王太子シャルルはジャンヌダルクの健気なそして勇敢な活躍によって 無事ランスへ行き、フランスの歴代国王が戴冠式を挙げた大聖堂で無事戴冠式を上げヴァロワ朝第5代の国王としてシャルル7世となります。
シャルルは第4代国王シャルル6世と王妃イザボー・ド・バビエールの5男として生まれました。 しかし、これからがこのブログの名前とした「色」に関係してくるのですが、イザボーは俗に「淫乱王妃」というあまり有難くない綽名をもらってしまうほど、フランス、ブルゴーニュ、イングランドの国王級の男性にいろいろと 仕掛けをして国の運命を狂わせてしまう女性だったようです。お蔭で王太子シャルルも自分は国王シャルル6世の子ではないのではないかという懐疑に生涯取り憑かれていたといわれています。
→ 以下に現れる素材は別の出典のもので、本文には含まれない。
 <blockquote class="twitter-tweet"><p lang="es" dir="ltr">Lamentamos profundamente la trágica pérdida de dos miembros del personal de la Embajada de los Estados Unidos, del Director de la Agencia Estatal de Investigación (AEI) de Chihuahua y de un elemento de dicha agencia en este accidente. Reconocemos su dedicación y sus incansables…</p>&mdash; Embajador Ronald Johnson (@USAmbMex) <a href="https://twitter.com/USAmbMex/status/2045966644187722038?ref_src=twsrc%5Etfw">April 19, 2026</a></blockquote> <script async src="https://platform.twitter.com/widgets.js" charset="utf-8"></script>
そんなこともあってか、清純なジャンヌダルクのおかげで戴冠式を挙げながら、その後ジャンヌがコンピエーニュでブルゴーニュ派の捕虜となりイングランドに売られた後も、魔女裁判にかけられた時も救出を試みるわけでもなく冷たく放置したままなのですね。
シャルル7世のお妃はアンジュー公ルイ2世とヨーランド・ダラゴンの長女マリー・ダンジューです。正式なお妃がいるのにあろうことかお妾、側室、フランスじゃあ正式に国王とかに認められた「寵姫」をもち、もう首ったけと言うかいうなりになってしまう情けない国王なんですね。シャルル7世の寵姫がフランス一の美女と謳われたアグネス・ソレルです。
1415年イングランド王ヘンリー5世がフランスに侵攻。アザンクールの戦いでアルマニャック派を中心とするフランス軍に大勝しノルマンデイーを征服します。
シャルルの兄は2人とも早死にしシャルルが王太子となります。パリはブルゴーニュ派の支配するところとなりシャルルはブルジュに亡命しました。
1419年、シャルル王太子とブルゴーニュ公ジャン1世(無怖公)はイングランド王に対して共闘すべく、和解交渉をモントローというセーヌ河とヨンヌ川が合流する町で開きます。交渉の場で王太子支持者が無怖公を暗殺してしまいます。
ブルゴーニュ派は怒りこれを機にイングランドと手を組むことになります。
トロワ条約が結ばれ、あろうことに王妃イザボー・ド・バビエールはイングランド王ヘンリー5世が将来フランスの国王を兼ねるといった条項を書き入れてしまいます。
フランスにとって幸いなことにヘンリー5世は病死してしまい、フランス国王とはなれませんでした。